Here's what I'd do if I were in your situation--and have done this with some clients in similar siutations:

1) Set up a Gmail account.
2) Configure Entourage to connect to the new account via IMAP, so that in Entourage you're actually seeing two different email accounts--your original and the new Gmail one.
3) If you have a built a sorted folder structure in your Entourage, reconstruct that structure in your Gmail account.
4) Upload, the contents of each folder on your original account, one folder at a time (select all) to the corresponding folder on the IMAP Gmail account. This will take awhile and is tedious. You're essentially copying up all your emails to Google's server.

Either:

5) Configure Gmail to check the mail server for your old email box. Set up a filter/label so that any email going to jmd82@old-email-domain.com to it's own folder.

or

6) At your old email webmail, there's probably a setting somewhere to tell it to forward all your email to your new Gmail address.
7) Configure your new Gmail account (this is optional) to appear as if mail you're sending is coming from your old email address.

And now abandon the craptastic Entourage. If you really must use an email program, there are many that are better: Thunderbird, Apple Mail, or MailPlane. All can communicate with Gmail via IMAP and MailPlane is specifically written to interface with Gmail.

That even the newer Entourage 2008 database still stores all its email in one giant database is inexcusable in this day and age. Everyone else has moved to more efficient and less-prone-to-corruption database storage means like MySQL, SQLite consisting of individual .eml files.

By pushing your email to a different storage mechanism you're eliminating the possibility of future corruption.

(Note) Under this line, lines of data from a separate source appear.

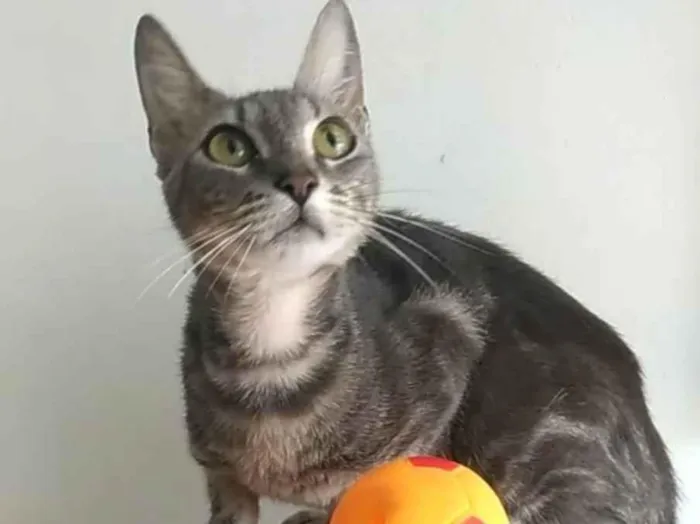 Gato ra a SRD-ViraLata idade 2 anos nome Adely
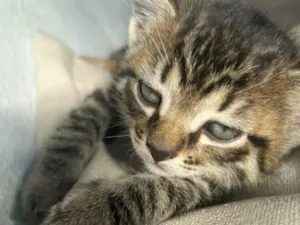 Gato raça SRD-ViraLata idade Abaixo de 2 meses nome Sun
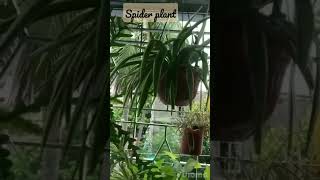 Spider plant #viral  #viralshort  #viralshorts  #short #shorts   #gardeningshorts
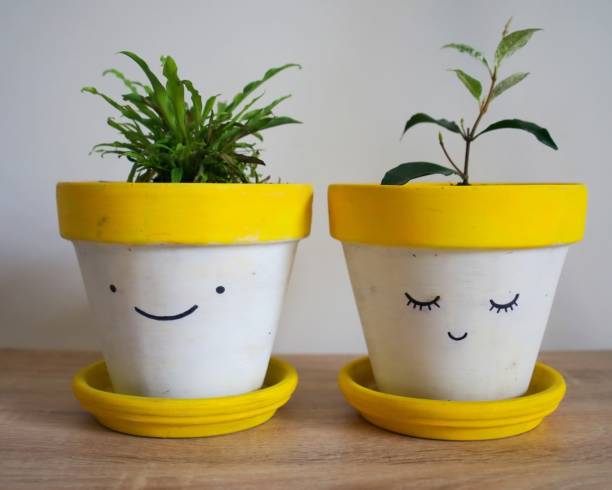 las macetas sonrientes amarillas con plantas que crecen desde la parte superior. combinando bonitas plantas de interior - face paint audio fotografías e imágenes de stock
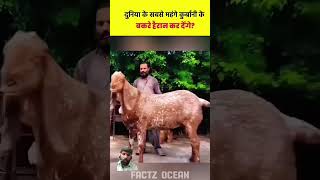 Dunya ka sab sa wazni bakra Punjab ma pala Gaya dakh KR Harahan rah gayaviralbakrabakraeid2k24 yt [upl. by Lahsiv714]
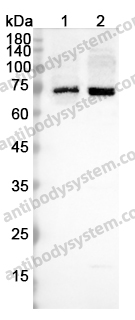 Anti-RNF168 Polyclonal Antibody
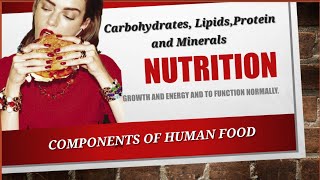 Nutrition Part2 Components of human foods Carbohydrates Lipids Protein BIOLOGY Ch 8 Class 9 Urdu [upl. by Anilev]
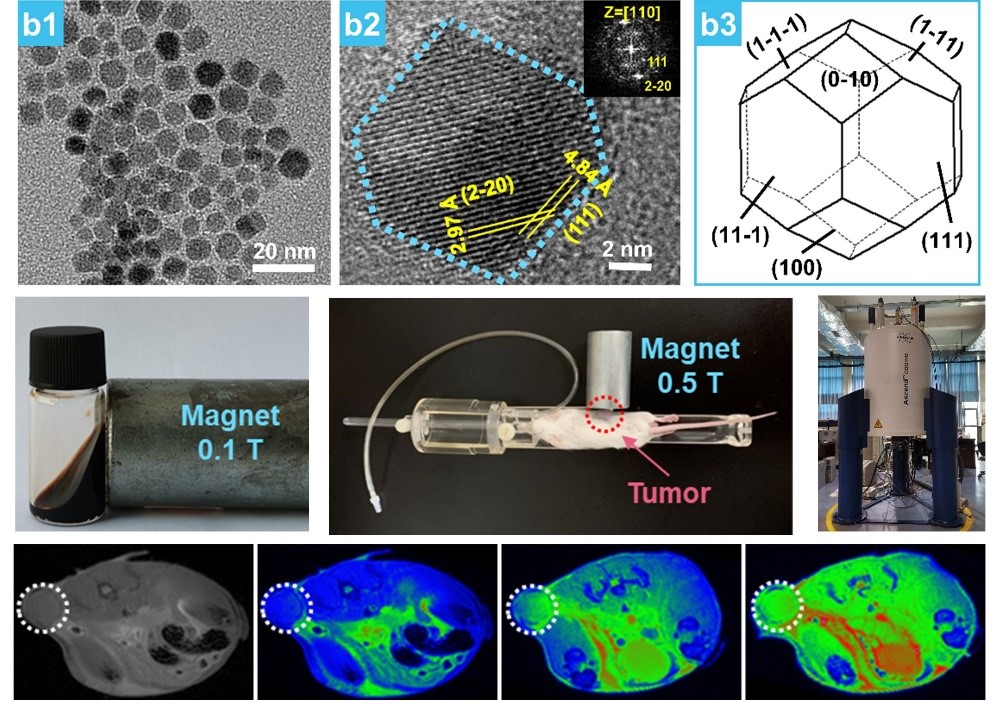 Magnetosomes have the same crystal morphology and magnetic properties as natural magnetosomes, can effectively respond to external magnetic field and achieve targeted enrichment and efficient penetration of tumor tissues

And if you even need to pull it off Google, it's very easy to via POP and a better email client. You get to retain your existing email address and use Gmail for your storage.
posted by mrbarrett.com at 2:09 PM on December 11, 2009 [1 favorite]


Jjb is probably correct about the file size limit of the external drive.

Use 7-Zip to archive the file in 1GB pieces directly onto the external drive. Look for the "Split to volumes" option.